# Reinforcement Learning
## Our model
We will initially be using a MLP Regression model set up with the default parameters from scikit-learn's MLP Regression model since it seems like a solid place to start. After some trial and error, a second Dense layer for the model was added to hopefully capture a bit more complexity.

In [None]:
from tensorflow import keras

model = keras.Sequential([
	keras.layers.Dense(64, activation='relu'),
	keras.layers.Dense(64, activation='relu'),
	keras.layers.Dense(1)
])

model.compile(
    optimizer=keras.optimizers.Adam(learning_rate=0.001),
    loss='mse'
)

## Setting the exploration rate
The exploration rate is defined as the chance of randomly making a move instead of relying on the prediction of the model.

In [None]:
import matplotlib.pyplot as plt
import numpy as np

num_games = 1000
exploration_rates = np.linspace(1, 0, num_games)**2

fig, ax = plt.subplots(figsize=(12, 5))

ax.set_xlabel('Number of games played')
ax.set_ylabel('Exploration rate')
ax.plot(np.linspace(1, 1000, num_games), exploration_rates)
ax.set_title('Exploration rate as the number of games played increases')

plt.show()

## Training the model
The model will be trained by playing against itself.

In [None]:
import chess
import numpy as np
from IPython.display import clear_output
from chessbot.chessbot import ChessBot

def play_game_and_learn(model, exploration_rate=0.0, should_visualise=False):
	white = ChessBot(model, chess.WHITE, exploration_rate)
	black = ChessBot(model, chess.BLACK, exploration_rate)

	board = chess.Board()

	if should_visualise:
		display(board)

	while not board.is_game_over(claim_draw=True):
		board.push(black.move(board) if board.turn == chess.BLACK else white.move(board))

		if should_visualise:
			clear_output(wait=True)
			display(board)

	result = board.outcome(claim_draw=True).result()
	X = np.concatenate([black.moves_made, white.moves_made])
	
	if result == '1-0':
		y = np.ones(len(X))
	elif result == '0-1':
		y = np.zeros(len(X))
	else:
		y = np.concatenate([np.full(len(black.moves_made), 0.75), np.full(len(white.moves_made), 0.25)])
		
	model.fit(X, y)

	return result

In [None]:
from IPython.display import clear_output

results = []
white_wins = 0
black_wins = 0
draws = 0

for i in range(num_games):
	clear_output(wait=True)
	if i > 0:
		print(f"The last game's result: {results[-1]}")
	print(f'White wins: {white_wins}, Black wins: {black_wins}, Draws: {draws}')
	print(f'Game {i + 1}/{num_games} (exploration rate: {exploration_rates[i]:.2f})')
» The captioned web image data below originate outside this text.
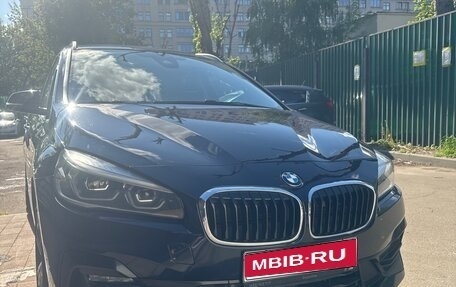 BMW 2 серия Grand Tourer F46 рестайлинг, 2018 год, 2 357 000 рублей, 1 фотография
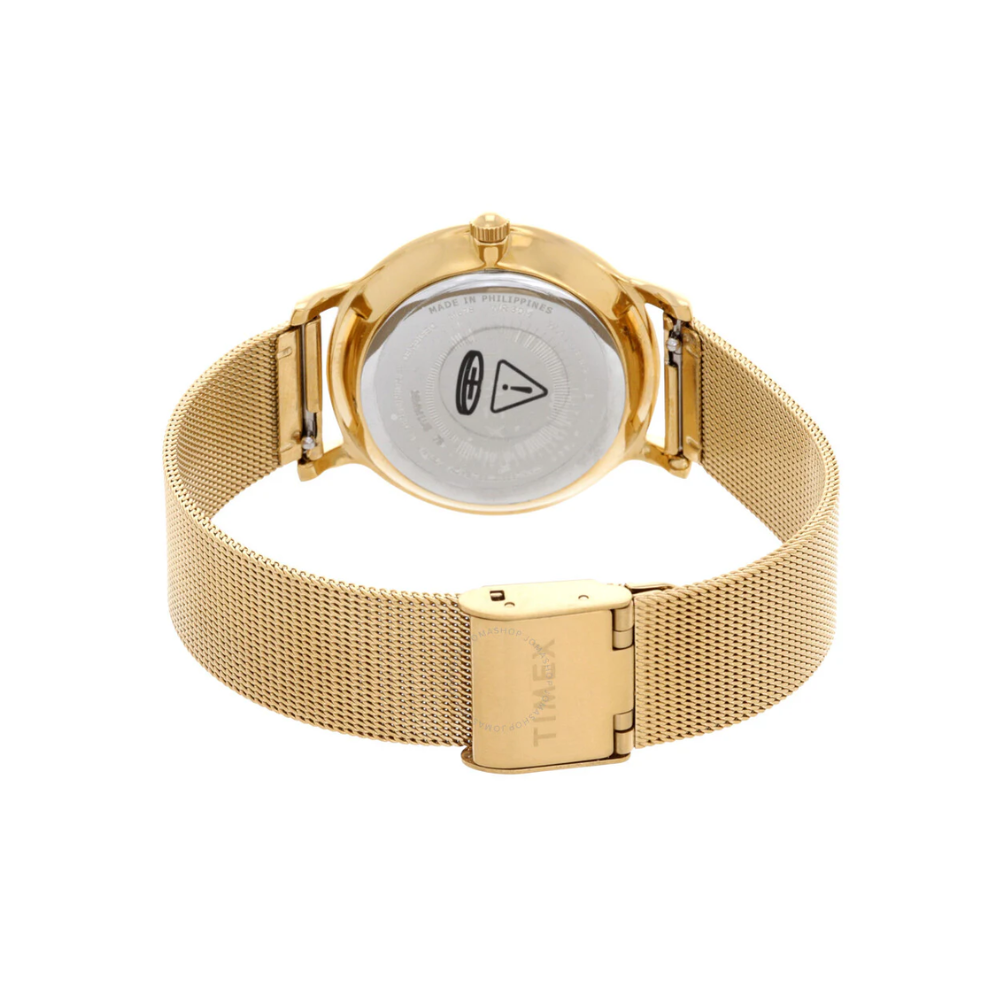 Timex Trascend Quartz Silver Ladies Watch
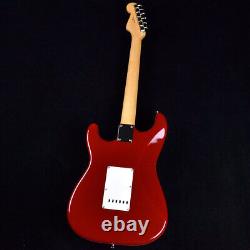 Fender Mij 2023 Collection Traditionnelle Des Années 60 Stratocaster Aged Dakota Red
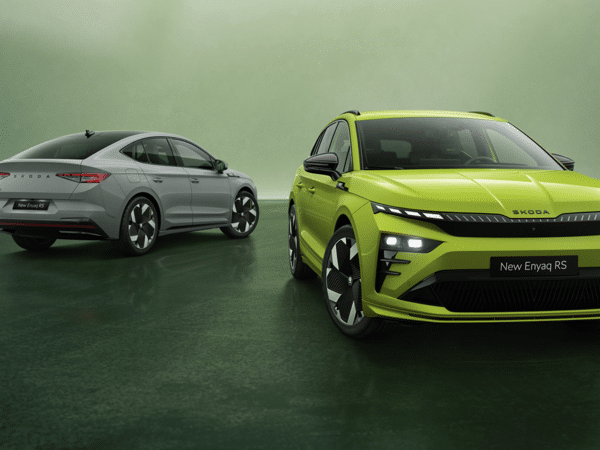Skoda Enyaq RS hero mobiel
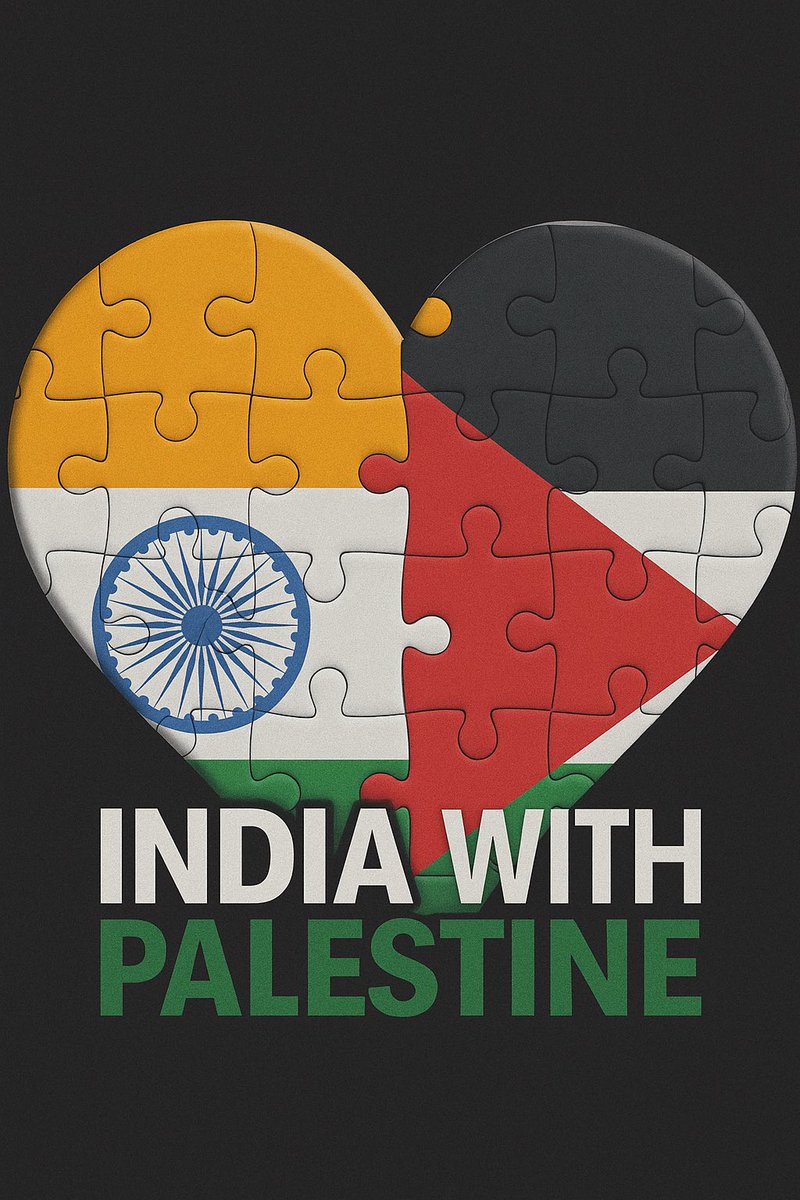 Children bleeding, mothers wailing — and they call it defense? India knows the truth.

#IndiaWithPalestine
	result = play_game_and_learn(model, exploration_rate=exploration_rates[i])
	results.append(result)

	match result:
		case '1-0':
			white_wins += 1
		case '0-1':
			black_wins += 1
		case '1/2-1/2':
			draws += 1

In [None]:
print(f'White wins: {white_wins}, Black wins: {black_wins}, Draws: {draws}')

## Why not watch a game after all that training?

In [None]:
result = play_game_and_learn(model, should_visualise=True)
print(f'Game result: {result}')